Third Department of Pediatrics, National & Kapodistrian University of Athens, University General Hospital "Attikon", Medical School, Athens, Greece; Department of Clinical Biochemistry, National & Kapodistrian University of Athens, University General Hospital "Attikon", Medical School, Athens, Greece.
Third Department of Pediatrics, National & Kapodistrian University of Athens, University General Hospital "Attikon", Medical School, Athens, Greece.
Bone. 2021 May;146:115904. doi: 10.1016/j.bone.2021.115904. Epub 2021 Feb 27.
Cleidocranial dysplasia is a dominantly inherited skeletal dysplasia resulting from inherited or spontaneous mutations of Runt-related transcription factor 2 gene (RUNX2). It represents a clinical continuum typically characterized by wide calvarial sutures, clavicular hypoplasia and dental abnormalities. CDD has been rarely associated with skeletal and biochemical features that mimic hypophosphatasia. We report clinical, biochemical and molecular profile of a 3-year-old female with CCD, presented in utero with large cranial defects. She displayed severe parietal dysplasia, wide cranial sutures, clavicular abnormalities and biochemical features of hypophospatasia (HHP). She was preliminary diagnosed with benign perinatal HHP, harboring a likely pathogenic heterozygous TNSALP variant (p.Ser181Leu) inherited by the mother, who also displayed low levels of ALP. Asfotase alfa was introduced for a six-month-period with rather positive impact on cranial ossification. Nevertheless, focal skeletal disease (cranium and clavicles) and absence of clinical symptoms in the mother, carrier of the same genetic variant, posed diagnosis into question and further genetic analysis detected the novel spontaneous frameshift mutation c.1191delC (p.Phe398Leufs86) in RUNX2 gene, establishing the CCD diagnosis. Although genotype-phenotype correlations are difficult, p.Phe398Leufs86 appears to be associated with a severe cranial phenotype and absence of parietal bones, similarly to other adjacent frameshift/splicing mutations. The TNSALP variant (p.Ser181Leu) may contributed to patient's final phenotype, as well as to maternal low ALP levels. However, since low ALP levels have been also reported in few CCD patients with no alterations in TNSALP gene, studies to elucidate RUNX2 and TNSALP interactions could shed more light on differential diagnosis between CCD and HHP, CCD appropriate therapy and genetic counselling. ACCESSION NUMBER: (SUB8185506).

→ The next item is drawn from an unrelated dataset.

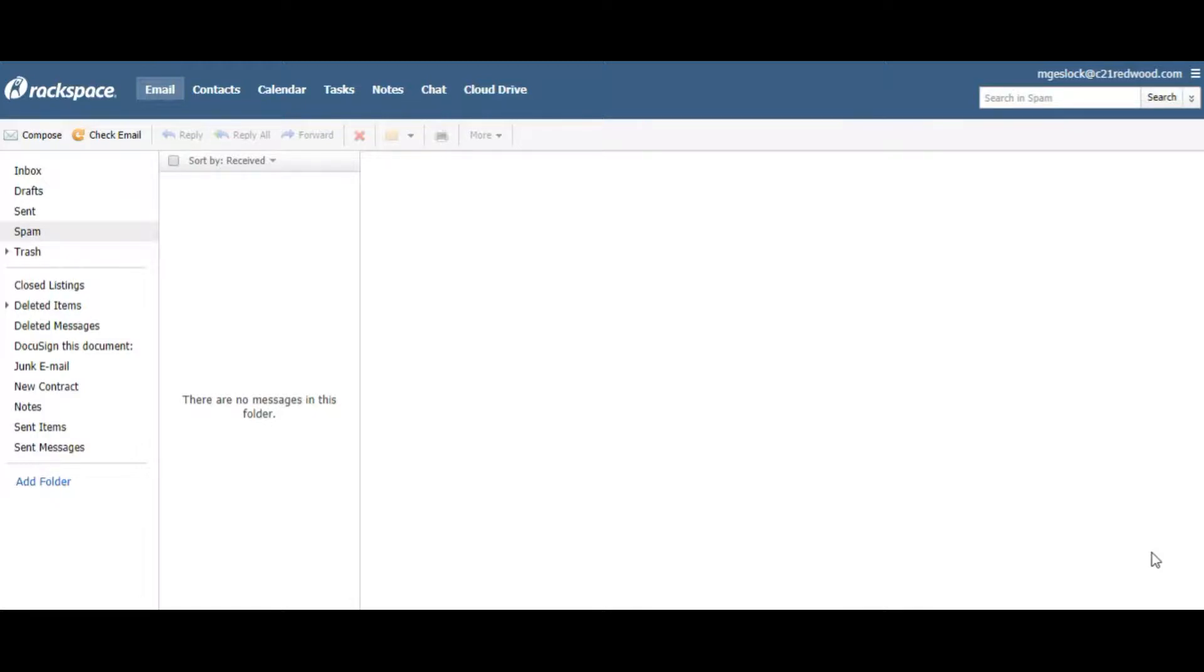Hey everybody, it's Mark with Century 21 Redwood down here in Fredericksburg, and I've had a few people ask with our new marketing piece on the white glove service, how can I insert that into my Rackspace email?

颅锁骨发育不全是一种常染色体显性遗传性骨骼发育不良,由 runt 相关转录因子 2 基因(RUNX2)的遗传或自发突变引起。它代表了一种临床连续体,通常表现为广泛的颅骨缝线、锁骨发育不全和牙齿异常。CDD 很少与模仿低磷酸酶血症的骨骼和生化特征相关。我们报告了一名 3 岁女性 CCD 的临床、生化和分子特征,该患者在宫内表现为大的颅缺损。她表现出严重的顶骨发育不良、宽的颅骨缝线、锁骨异常和低磷酸酶血症的生化特征(HHP)。她初步诊断为良性围产期 HHP,携带可能致病的杂合 TNSALP 变体(p.Ser181Leu),由母亲遗传,母亲也显示出 ALP 水平低。阿法特酶阿尔法被引入六个月,对颅骨骨化有相当积极的影响。然而,母亲(同一遗传变异的携带者)的局灶性骨骼疾病(颅骨和锁骨)和缺乏临床症状引起了诊断的质疑,进一步的遗传分析检测到 RUNX2 基因中 novel 自发框移突变 c.1191delC(p.Phe398Leufs86),确立了 CCD 的诊断。尽管基因型-表型相关性很困难,但 p.Phe398Leufs86 似乎与严重的颅骨表型和顶骨缺失有关,类似于其他相邻的框移/剪接突变。TNSALP 变体(p.Ser181Leu)可能导致患者的最终表型,以及母亲的低 ALP 水平。然而,由于在没有 TNSALP 基因改变的少数 CCD 患者中也报道了低 ALP 水平,因此研究 RUNX2 和 TNSALP 相互作用可以更清楚地阐明 CCD 和 HHP 之间的鉴别诊断、CCD 的适当治疗和遗传咨询。注册号:(SUB8185506)。